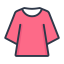 Knitted Top Icon, knitted top,blouse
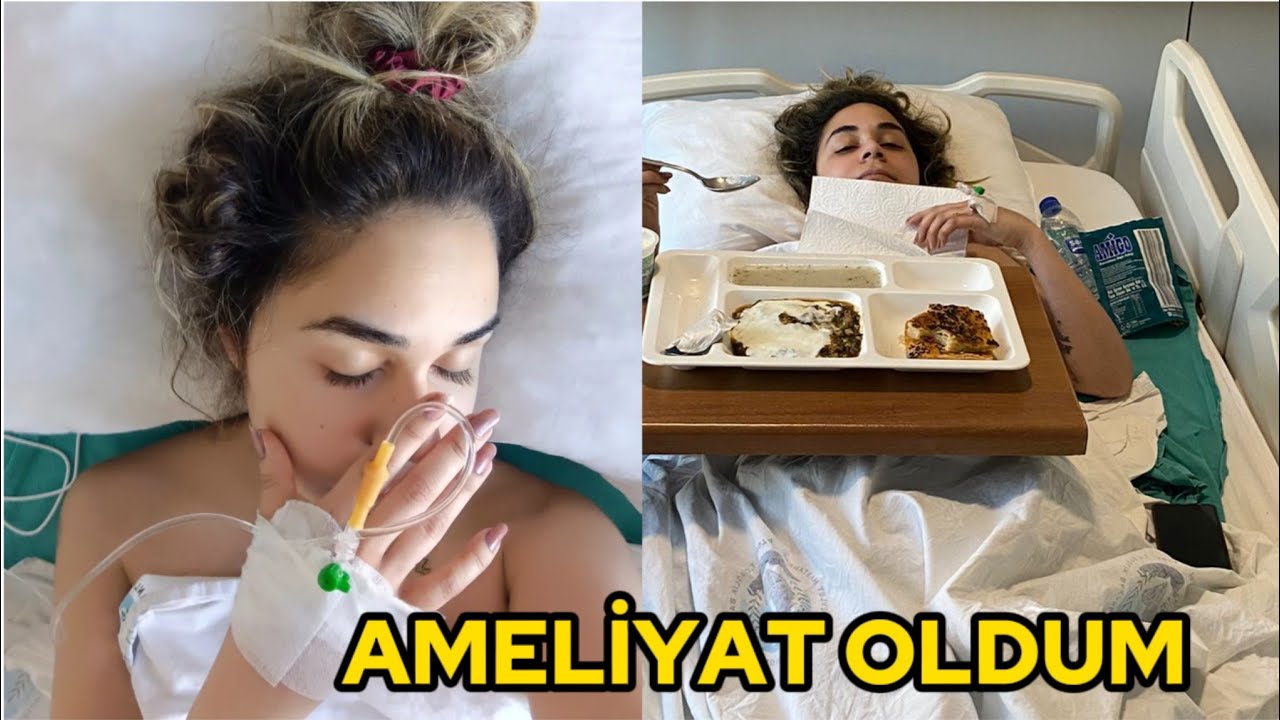 AMELİYAT OLDUM !! KEMİKLERİM KIRILDI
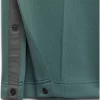 PANTALONI TRICOTATI CU CAPSE LATERALĂ PANTALONI TRICOTATI CU CAPSE LATERALĂ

--- --- ---

-- REQUIREMENT --
The lines above must be transcribed exactly, with every picture left out.

-- EXERCISE RESULT --
 Knitted Top Icon, knitted top,blouse
 AMELİYAT OLDUM !! KEMİKLERİM KIRILDI
 PANTALONI TRICOTATI CU CAPSE LATERALĂ PANTALONI TRICOTATI CU CAPSE LATERALĂ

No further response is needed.